- November 30th, 2021
TUSCALOOSA, AL – As graduating University of Alabama Honors College student Otavio Menezes gears up to begin his endeavors at Venture for America (VFA), he reflects on how the Honors College has impacted his studies and prepared him to pursue his dreams.
Menezes, from Louisville, KY, will graduate in December 2021 with a Bachelor of Science in mechanical engineering and a minor in math. Menezes pursued many of the opportunities that were available to him: completing a co-op through the College of Engineering, being involved in the University’s Management Consulting Academy, engaging the community through Forza Financial, playing soccer and chess and recently picking up 3D printing as a hobby.
Through the Venture for America Fellowship, Menezes will work with startups for two years in a developing city that seeks economic stimulation, such as Detroit, Baltimore or Birmingham.
“VFA encourages graduates to tread from a traditional path and be on the frontlines of cities that need growth, development and building,” said Menezes, “This fellowship allows talented students to create value, create jobs, enact change and make a direct impact on evolving areas.”
Menezes’ involvement in the Honors College contributed to this career trajectory. Through his participation in the Honors Partner Program, STEM Path to the MBA, he was able to participate in the Rural Alabama Project where he was tasked with defining a social problem in rural Alabama and developing a business plan to find a solution. Menezes researched food deserts and contacted various churches and community centers to identify the lack of available resources as the root of the issue. The notion of solving real-world problems through a business lens was nurtured through his academic experiences which aligns with VFA’s mission to empower America’s future entrepreneurs and leaders.
University Honors Program courses are designed to teach students to think more deeply through discourse, experiential learning and various course work and projects. “I took an amazing course with Dr. Eddins called ‘Identity Through Modern Literature’ that made you be introspective and think about the problems in the world as something that can be solved by challenging the status quo,” said Menezes.
The Honors College strives to recruit, retain and actively engage high-performing and high-potential students within a diverse community of scholars, and to inspire students to connect with others as they become Critical and Creative Thinkers, Ethical and Empathetic Citizens and Collaborative and Inclusive Leaders within their chosen fields of study and beyond.

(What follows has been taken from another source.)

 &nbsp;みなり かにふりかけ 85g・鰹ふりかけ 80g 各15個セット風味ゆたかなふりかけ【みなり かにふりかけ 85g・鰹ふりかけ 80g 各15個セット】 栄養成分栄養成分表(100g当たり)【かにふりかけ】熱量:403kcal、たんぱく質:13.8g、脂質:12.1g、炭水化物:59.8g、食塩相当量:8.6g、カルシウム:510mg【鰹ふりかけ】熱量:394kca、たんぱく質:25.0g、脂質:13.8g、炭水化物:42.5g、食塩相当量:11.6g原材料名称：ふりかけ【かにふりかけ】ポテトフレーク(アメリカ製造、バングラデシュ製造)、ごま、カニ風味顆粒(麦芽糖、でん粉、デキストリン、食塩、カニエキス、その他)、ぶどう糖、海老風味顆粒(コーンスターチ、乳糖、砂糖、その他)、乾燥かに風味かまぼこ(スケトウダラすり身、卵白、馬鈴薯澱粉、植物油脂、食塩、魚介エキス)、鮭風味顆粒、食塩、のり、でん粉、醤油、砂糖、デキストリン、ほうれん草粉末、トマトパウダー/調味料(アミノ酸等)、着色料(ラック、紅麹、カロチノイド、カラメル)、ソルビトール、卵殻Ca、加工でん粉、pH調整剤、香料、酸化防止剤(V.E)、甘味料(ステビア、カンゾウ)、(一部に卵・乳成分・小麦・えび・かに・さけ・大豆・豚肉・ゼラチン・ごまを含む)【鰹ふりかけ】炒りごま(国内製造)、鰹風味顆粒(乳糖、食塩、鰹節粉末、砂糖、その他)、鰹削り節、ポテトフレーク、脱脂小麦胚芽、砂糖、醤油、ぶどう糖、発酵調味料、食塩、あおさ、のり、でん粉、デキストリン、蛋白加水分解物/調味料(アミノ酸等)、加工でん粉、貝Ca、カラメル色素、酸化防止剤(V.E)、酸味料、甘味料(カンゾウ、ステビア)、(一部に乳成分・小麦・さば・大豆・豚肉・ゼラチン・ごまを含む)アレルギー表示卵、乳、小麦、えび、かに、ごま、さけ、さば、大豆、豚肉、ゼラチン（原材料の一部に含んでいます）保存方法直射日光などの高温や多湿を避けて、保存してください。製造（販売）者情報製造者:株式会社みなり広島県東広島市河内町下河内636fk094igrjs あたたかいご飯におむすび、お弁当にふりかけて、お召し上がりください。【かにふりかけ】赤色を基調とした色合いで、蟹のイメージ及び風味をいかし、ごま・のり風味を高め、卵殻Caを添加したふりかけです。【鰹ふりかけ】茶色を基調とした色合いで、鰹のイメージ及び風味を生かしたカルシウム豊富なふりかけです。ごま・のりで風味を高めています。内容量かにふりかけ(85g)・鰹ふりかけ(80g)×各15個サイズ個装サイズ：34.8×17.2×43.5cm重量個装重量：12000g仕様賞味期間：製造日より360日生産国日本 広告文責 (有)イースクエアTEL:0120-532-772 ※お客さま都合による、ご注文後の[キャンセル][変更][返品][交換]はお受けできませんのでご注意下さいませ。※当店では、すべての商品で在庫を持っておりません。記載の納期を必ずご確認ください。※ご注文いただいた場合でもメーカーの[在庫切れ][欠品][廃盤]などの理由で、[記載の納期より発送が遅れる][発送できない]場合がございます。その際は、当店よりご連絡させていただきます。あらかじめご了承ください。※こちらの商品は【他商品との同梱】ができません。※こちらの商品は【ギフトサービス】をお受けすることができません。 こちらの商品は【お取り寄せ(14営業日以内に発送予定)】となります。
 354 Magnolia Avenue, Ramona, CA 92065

These three Student Learning Outcomes are the foundation of the Honors College experience and are woven into all aspects of the curriculum. “During my Honors courses, I was exposed to a variety of people with different backgrounds and perspectives from the people (who are) a part of UA and the Tuscaloosa community, so it was like getting all of the puzzle pieces from different places and trying to connect them to reach valuable conclusions to what was going on in the surrounding communities and beyond,” said Menezes. Offering an experience that is comparable to a liberal arts education helps students grow in their home colleges.
“Being in the College of Engineering, you don’t often get structured opportunities to think about things through this lens, so my experiences in the Honors College provided a refreshing take to transfer to other course work,” said Menezes. “It made me more grounded and helped me to think in a human-first way rather than constantly being technical. I began to ask, ‘Why does this matter?’ and identify that there are so many human problems that exist. This is why I want to be an engineer. To create valuable solutions for people and having human-centric coursework through the Honors College reminded me of that.”
Menezes encourages current and prospective students to make the most of their Honors College experience. “If there’s a class that interests you, but may not align with your major or minor, take it, because, like me, it may end up being your favorite course at UA,” said Menezes. “And try new things because you may discover a new passion or interest and if you can glean wisdom about yourself from something, then the experience was valuable.”